Идея цикла пришла в голову антрепренеру Валерию Сергееву — главному поставщику балетных бригад на Кипр и в Грецию. Идея здравая. В мифологических сюжетах балет черпал вдохновение с рождения: еще 400 лет назад любимой ролью Людовика XIV (которого французы считают первым профессиональным танцовщиком) был Аполлон, отчего монарх и получил кличку Король-солнце. Амуры и зефиры не слетали со сцены в пушкинские времена; в пору академического расцвета мэтр Петипа именовал стройные шеренги женского кордебалета то наядами, то дриадами; следующая вспышка анакреонтической эпидемии поразила балет в эпоху декаданса, а в 30-е годы советские балетмейстеры умудрились придать мифам явственный героический акцент. Так что репертуар для тематического вечера набирался обширный.
Публика подобралась культурная — энтузиастки-пенсионерки, родители с детьми, приглашенные официальные лица. Вечер вела Элеонора Беляева (та самая, из "Музыкального киоска") — в черной тунике, с греческой прической и гримом трагической Федры. Глубоким чарующим голосом с богатыми модуляциями она зачитывала избранные места из популярной книжки "Мифы Древней Греции", а балетные номера служили живой иллюстрацией.

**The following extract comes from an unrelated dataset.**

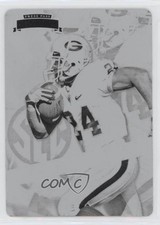 2009 Legends All Conference Printing Plate Black Front 1/1 Knowshon Moreno 0t3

Вечер открыл знаменитый "Послеполуденный отдых фавна" Вацлава Нижинского, наделавший в 1912 году в Париже много шуму по причине эротической распущенности: Фавн занимался вуайеризмом (подсматривал за купающимися нимфами) и фетишизмом (развлекался с покрывалом, утерянным купальщицей). Со временем балет был зачислен в первенцы хореографического модернизма и никого больше не шокировал. Однако в исполнении Санкт-Петербургского балета "Римский-Корсаков" и его руководителя профессора Никиты Долгушина хрестоматийный спектакль обрел первозданную непристойность. 62-летний танцовщик, изображавший пробуждение чувственности, шлифовал эротичные профильные позы, сверкал глазами, шевелил хвостиком и топотал ногами в золотых башмачках. Пухлая нимфа пугалась, как провинциальная студентка на экзамене, услышавшая нескромное предложение из уст уважаемого профессора. Знаменитый финал мэтр исполнил с отточенным мастерством: расстелил покрывало, воздел крестец, резко опустил и прогнулся с распахнутым ртом. Московская публика сначала подавленно замерла, но, придя в себя, ответила растерянным аплодисманом.

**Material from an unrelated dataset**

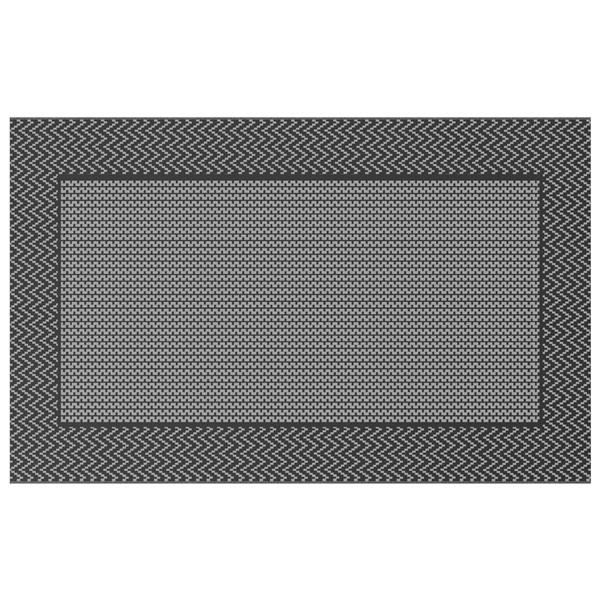 Grote foto vidaxl buitenkleed arakil zwart en grijs 250x400 cm pp huis en inrichting vloerbedekking en kleden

После такого зачина классическое па-де-де "Диана и Актеон", поставленное Агриппиной Вагановой в оптимистичные 30-е, выглядело топорной производственной гимнастикой. Морихиро Ивата, маленький японец из Большого театра, истосковавшийся на ролях Коньков-Горбунков и Обезьян, жаждал блеснуть техникой и прыжками. Дорвавшись до героического Актеона, он рвал кулисы разножками жете и метал пируэты крупным бисером. Зато его элегантная коллега Анна Иванова передвигалась, как по светской гостиной — избегая резких движений и смещаясь от центра не более чем метра на три.

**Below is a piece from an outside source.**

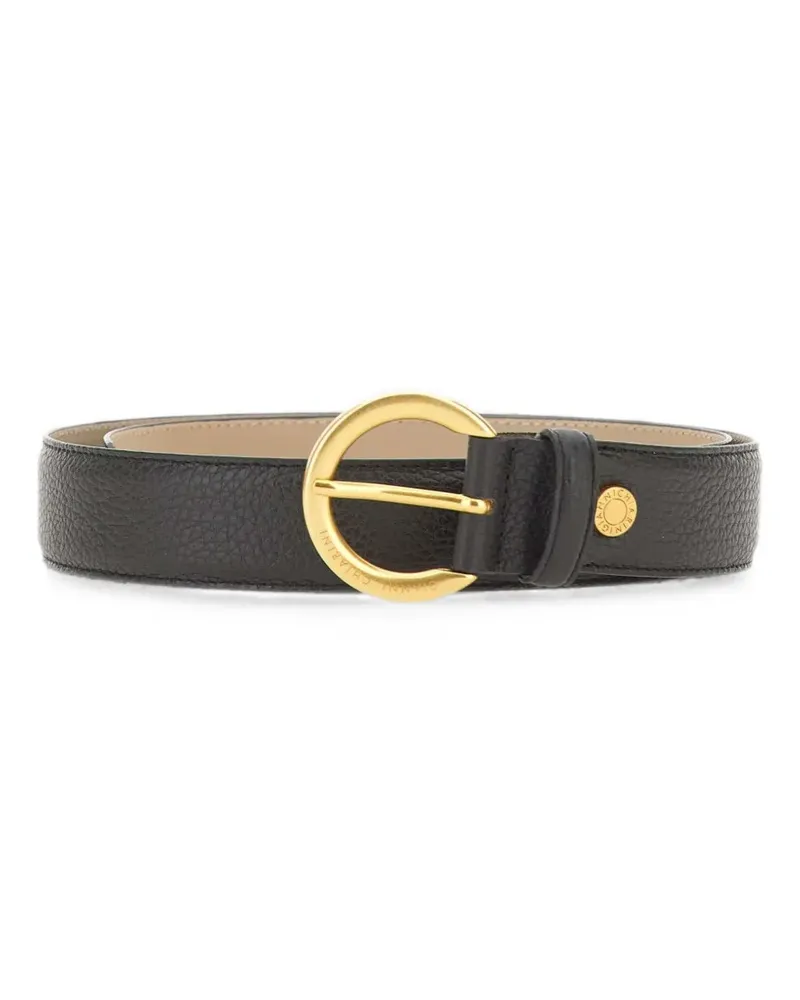 Gianni Chiarini hammered-leather belt - Schwarz Schwarz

Финальным испытанием стала "Вальпургиева ночь", представленная "Русским балетом" Вячеслава Гордеева. Знаменитую хореографическую сюиту советского классика Леонида Лавровского в редакции профессора Гордеева было не узнать. Кордебалет, сбившись в кучу, вяло лягался и пихался локтями. В центре беспрестанно вертелся и вихлялся солист-пан. В общую кучу вклинивалась солистка-вакханка с лицом заматеревшей труженицы прилавка, грубо наворачивала пируэты, остервенело скакала на пуантах, но опасливо шла на верхние поддержки к рослому, но чахлому партнеру-вакху.
А впрочем, просветительский вечер удался: невинная публика охотно приобщилась к мифам и балетной истории. Записавшее вечер ТВЦ приобщит к прекрасному телеаудиторию. А качественно исполненный балет, похоже, останется неким историческим мифом.